So the consensus is: yes, Ice Age people were doing more with symbols than just decorating caves — but no, we haven’t pushed the invention of writing back 35,000 years. The earliest real writing systems still show up in Sumer and Egypt ~5k years ago. These cave signs are another reminder that symbolic thought is very old and very human — but we shouldn’t confuse notation with language.
Proto-writing can be very complex (I remember reading a book where a linguist calls mathematical notation "proto-writing"), but it's not "true writing" until it's capable of communicating essentially any idea you can express in spoken language (it's hard to write "I miss my cat Whiskers" in mathematical symbols) in at least a partly phonetic way (all true writing languages are phonetic to some extent). The earliest examples of that is Sumerian cuneiform and Egyptian hieroglyphs from around 3000 BCE. Whatever this discovery is, it's not true writing.
Early Sumerian symbols depicting kinds of goods (wheat, sheep, beer, etc.), and marks next to these to indicate quantities, are classed as proto-writing.
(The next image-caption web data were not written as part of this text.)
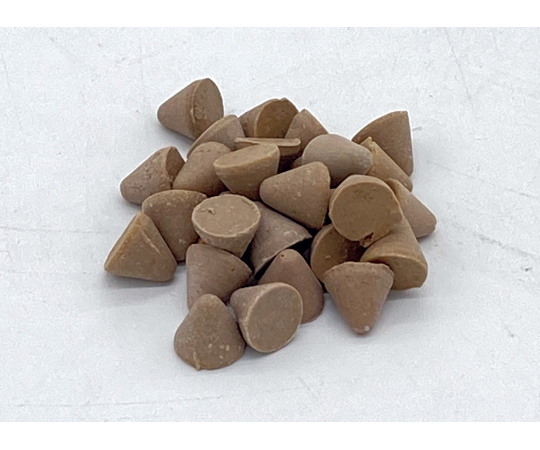 ASバレルメディア 中研磨 湿式バレル研磨用 1kg AS-APL-6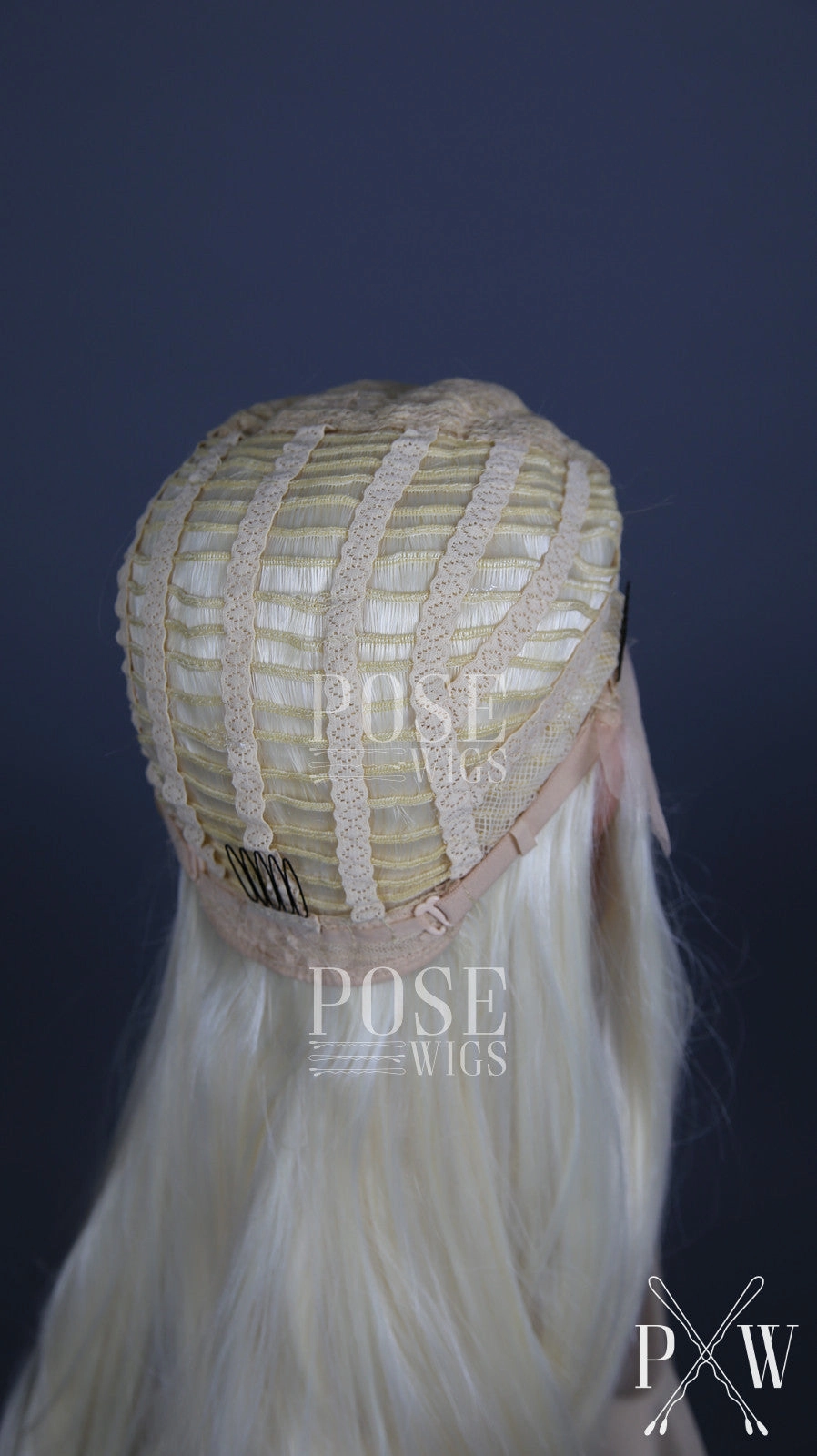 Bloom Crystal Blonde - Natural Plus Series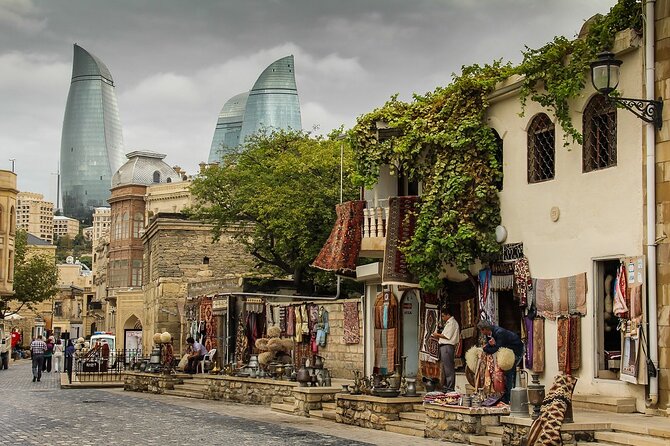 5-Day Unforgettable Private Tour in Azerbaijan - Key points at a glance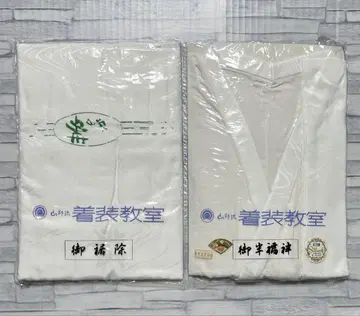 반주반 스소요케 야마노류 착장 교실 미개봉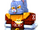 Cat in Boots and Sweater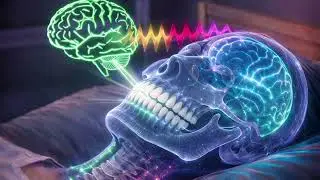 40 Hz Healing Frequency: Dental Healing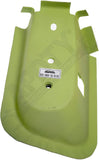 APDTY 161741 Cab Mount Floor Bracket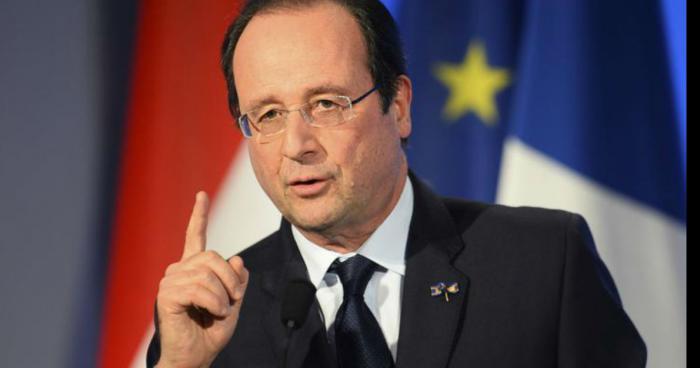 Francois Hollande est décédé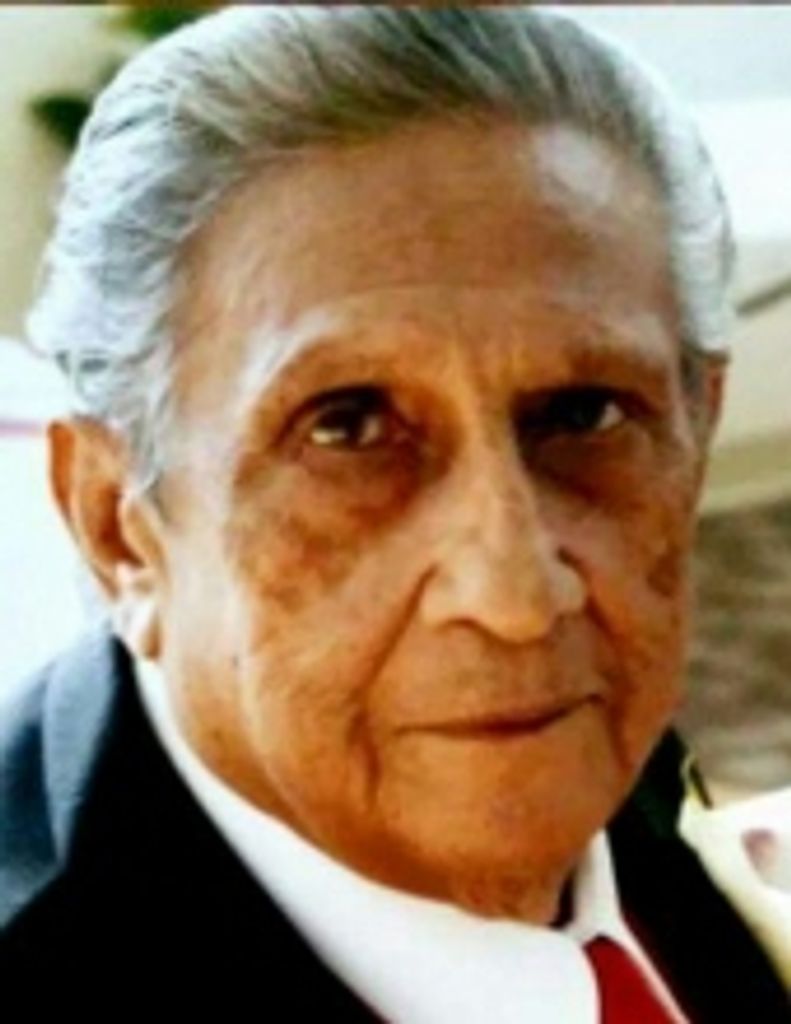 Benny  Duran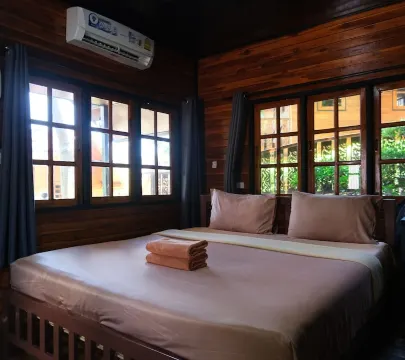 ห้องบังกะโล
There's also more general use of symbols to represent ideas or groups, like a cross representing Jesus or Christianity, for example, which aren't classed as writing
> So the consensus is: yes, Ice Age people were doing more with symbols than just decorating caves — but no, we haven’t pushed the invention of writing back 35,000 years. The earliest real writing systems still show up in Sumer and Egypt ~5k years ago. These cave signs are another reminder that symbolic thought is very old and very human — but we shouldn’t confuse notation with language
Okay, so what's the bar for "written language" then?
The specialists in this field appear to be using some criteria for "written language" but it is not clear to me how that criteria might accept maths symbols or maybe roman numerals to indicate counters as a written language while discarding a notation system.
Personally, I would consider that any form of intentional knowledge transmission a "written language".
Scratch a line onto a rock each time you see a full moon? That's written language.
Paint handprints on a cave wall? That's written language too.
How does this discovery fail my criteria?
I in particular am not a huge fan of the infographic[0] that uses the same image asset to refer to a spiral, box, sun, dots, etc... for entire continents, for all recorded history.
I would prefer to see pictures of these symbols, and their in-situ neighbors, and a corresponding symbol across a wide distance that's within at most 2-300 years.
We want to feel that language has commonalities, that people traveled long distances and times and kept some common bond. It might even make intuitive sense, if the people share cultural similarities. But it often results in linguists making motivated decisions without enough evidence, like happened with the "Altaic"[1] language family.
[0] https://images.newscientist.com/wp-content/uploads/2016/11/m... [1] https://en.wikipedia.org/wiki/Altaic_languages#Weakness_of_l...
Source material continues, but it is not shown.